#### [Exercise directions]
Could you return the data that follows exactly, minus the images?

#### [Captioned web images]
────────────────────────────────────────

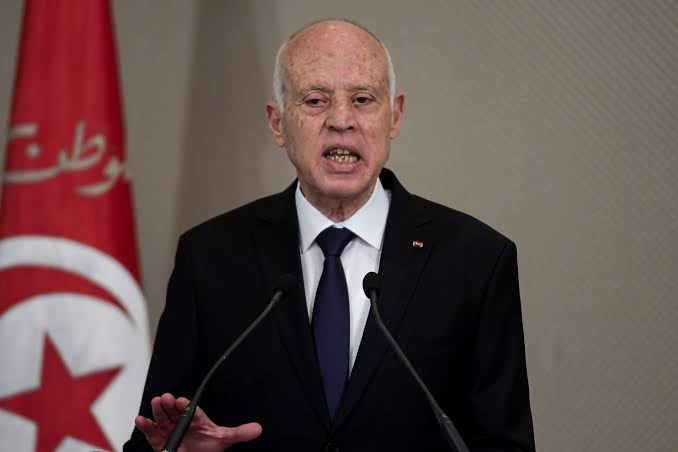 Tunisie : kais Saied limoge deux de ses ministres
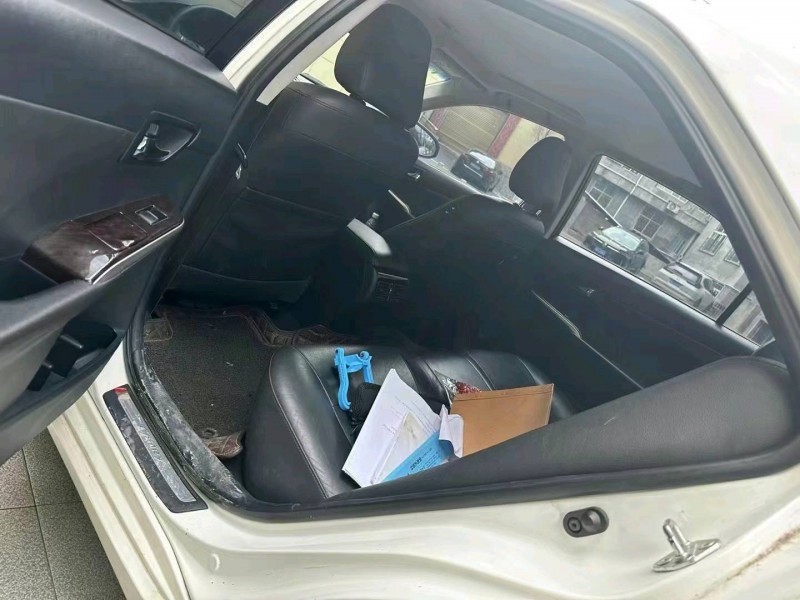 济南15年丰田凯美瑞6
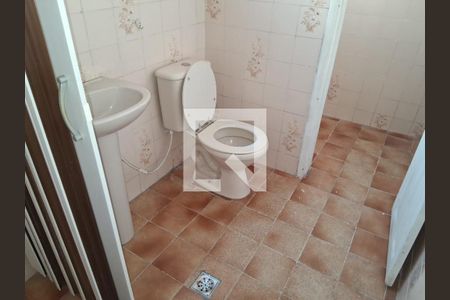 Banheiro de casa para alugar com 1 quarto, 60m² em Engenho de Dentro, Rio de Janeiro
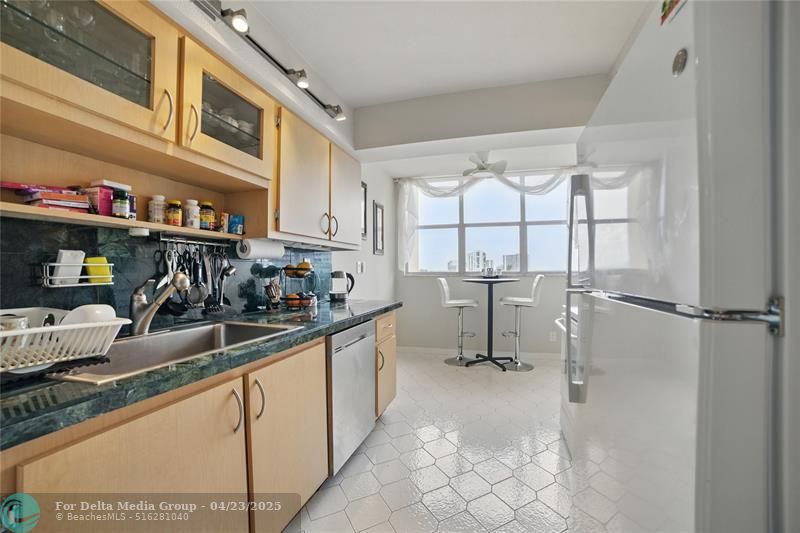 100 Golden Isles Drive, Unit 911, Hallandale Beach, FL 33009 Photo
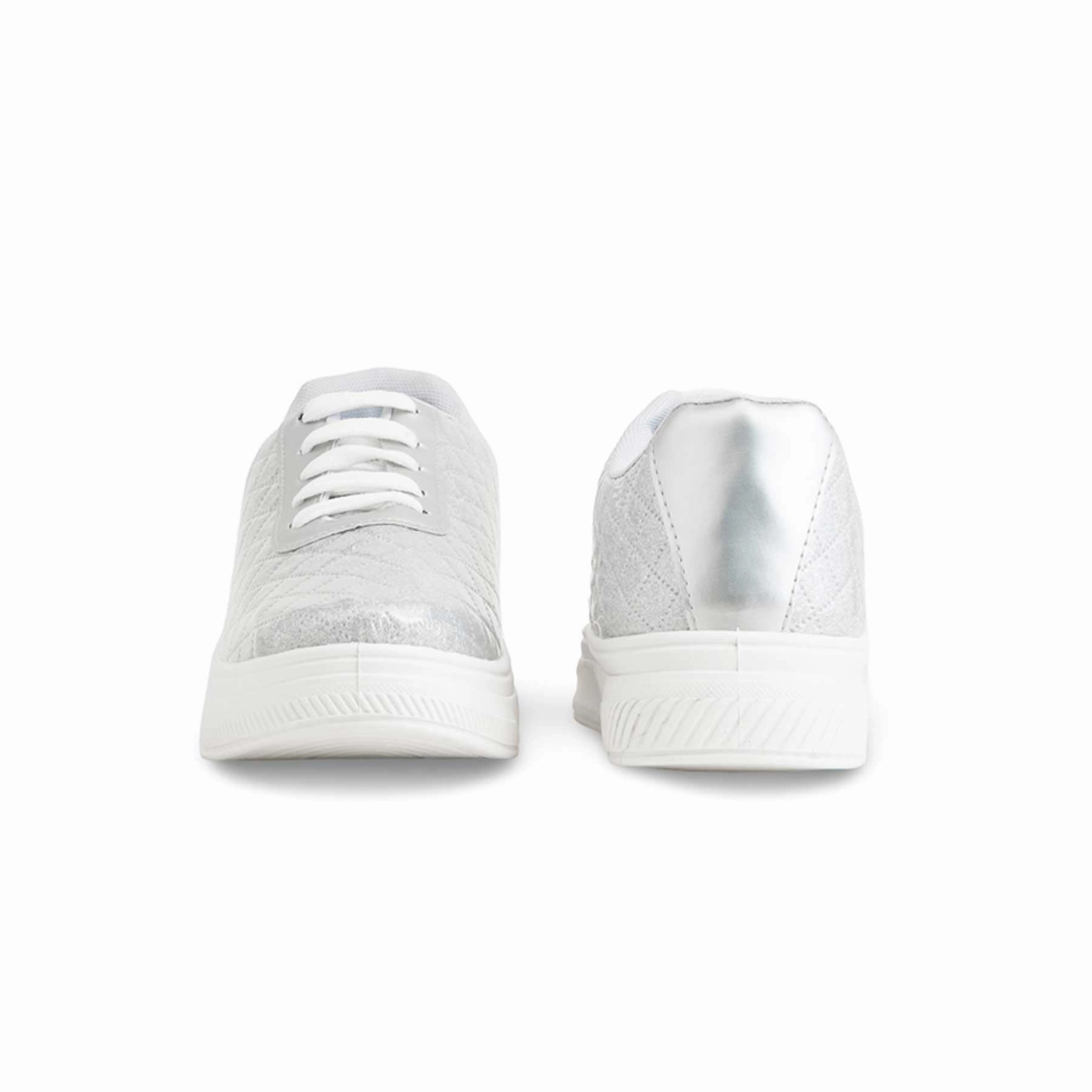 Durable Lining Trail Performance Silver Casual Women Sneaker AT7406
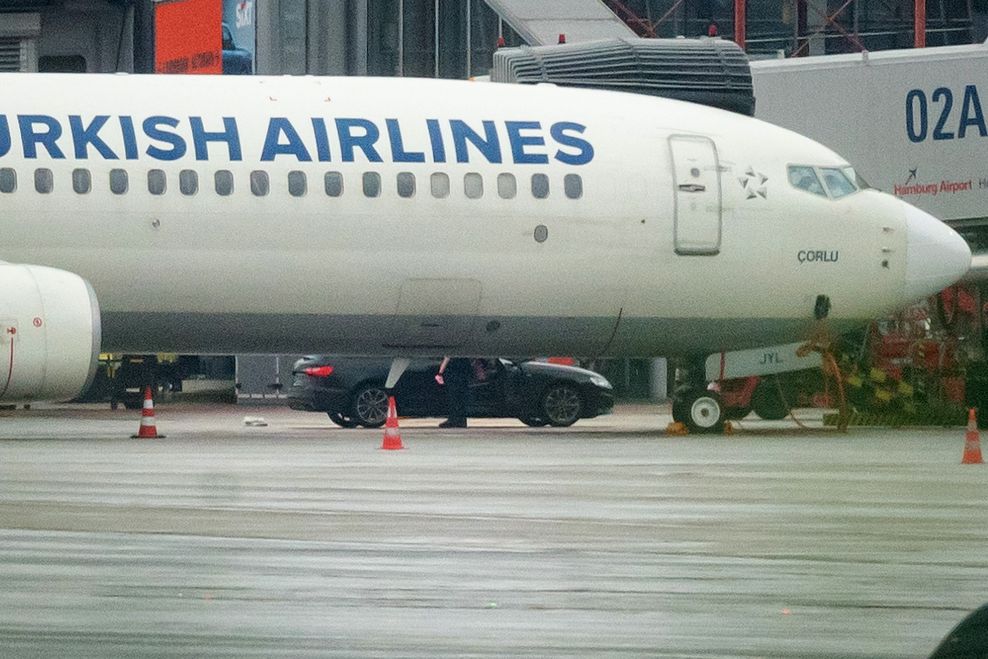 Ein bewaffneter Mann fuhr mit dem Auto auf das Flugfeld und parkte direkt neben einer Maschine von Turkish Airlines.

────────────────────────────────────────

#### [Task answer]
 Tunisie : kais Saied limoge deux de ses ministres
 济南15年丰田凯美瑞6
 Banheiro de casa para alugar com 1 quarto, 60m² em Engenho de Dentro, Rio de Janeiro
 100 Golden Isles Drive, Unit 911, Hallandale Beach, FL 33009 Photo
 Durable Lining Trail Performance Silver Casual Women Sneaker AT7406
 Ein bewaffneter Mann fuhr mit dem Auto auf das Flugfeld und parkte direkt neben einer Maschine von Turkish Airlines.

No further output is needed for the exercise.